§ Exercise objective: Print every line below exactly. Skip the pictures.

§ Supplied records:
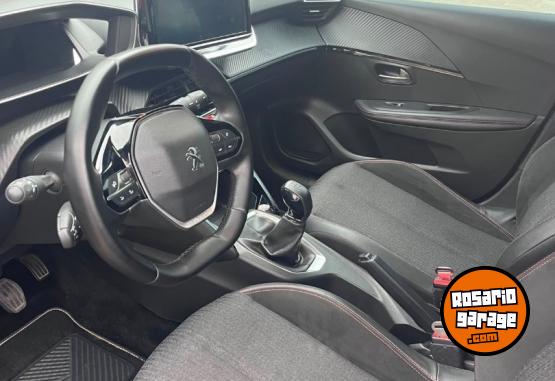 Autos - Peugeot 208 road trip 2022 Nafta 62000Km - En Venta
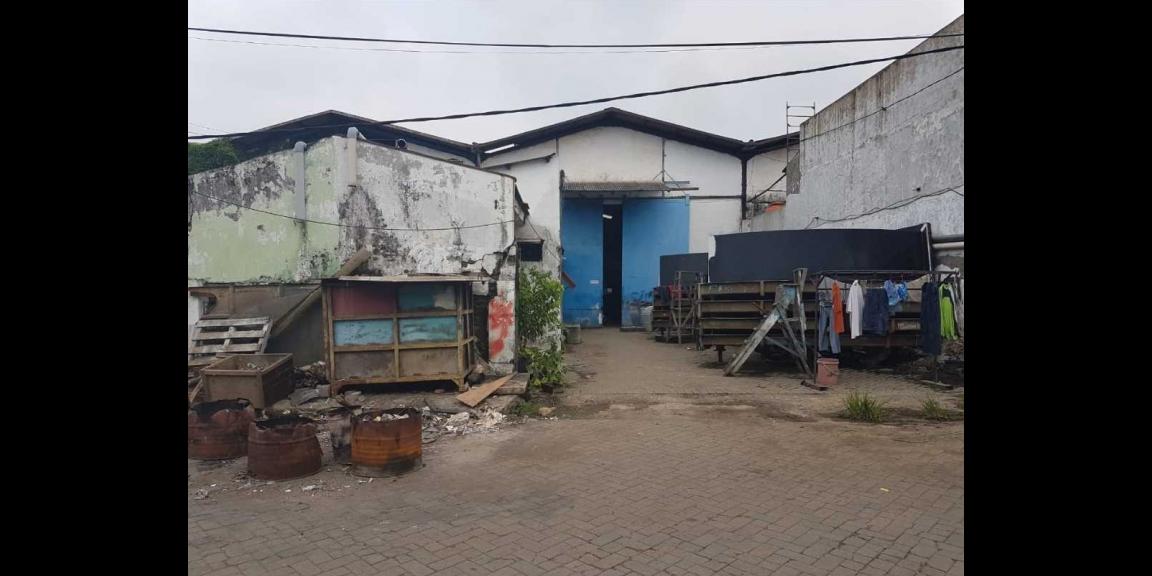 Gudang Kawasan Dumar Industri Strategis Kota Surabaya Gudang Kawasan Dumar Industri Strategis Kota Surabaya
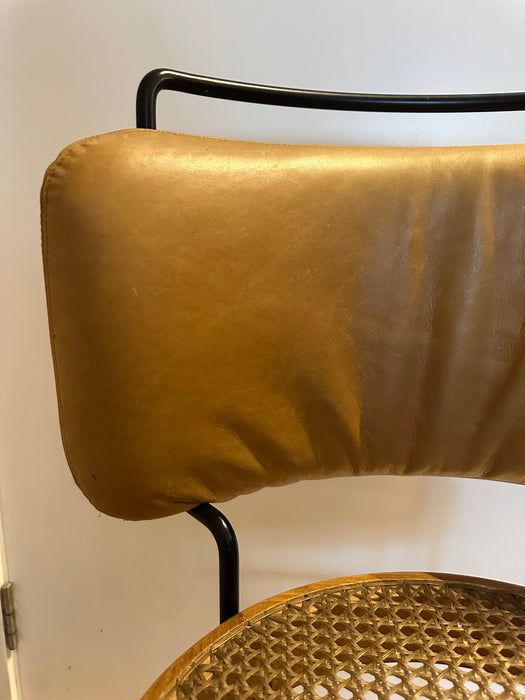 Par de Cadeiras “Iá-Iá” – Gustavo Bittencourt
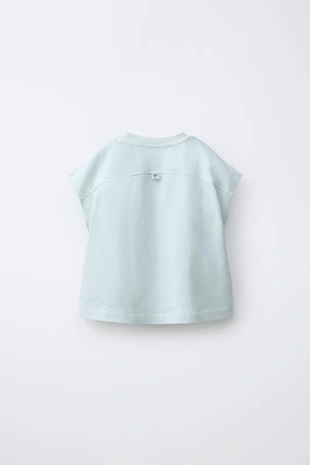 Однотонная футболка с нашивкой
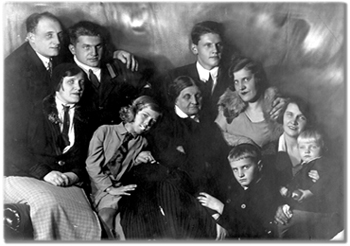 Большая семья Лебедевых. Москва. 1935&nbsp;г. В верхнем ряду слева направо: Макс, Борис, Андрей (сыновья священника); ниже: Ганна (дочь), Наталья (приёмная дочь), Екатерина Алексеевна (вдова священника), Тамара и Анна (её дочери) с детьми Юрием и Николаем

§ Exercise result:
 Autos - Peugeot 208 road trip 2022 Nafta 62000Km - En Venta
 Gudang Kawasan Dumar Industri Strategis Kota Surabaya Gudang Kawasan Dumar Industri Strategis Kota Surabaya
 Par de Cadeiras “Iá-Iá” – Gustavo Bittencourt
 Однотонная футболка с нашивкой
 Большая семья Лебедевых. Москва. 1935&nbsp;г. В верхнем ряду слева направо: Макс, Борис, Андрей (сыновья священника); ниже: Ганна (дочь), Наталья (приёмная дочь), Екатерина Алексеевна (вдова священника), Тамара и Анна (её дочери) с детьми Юрием и Николаем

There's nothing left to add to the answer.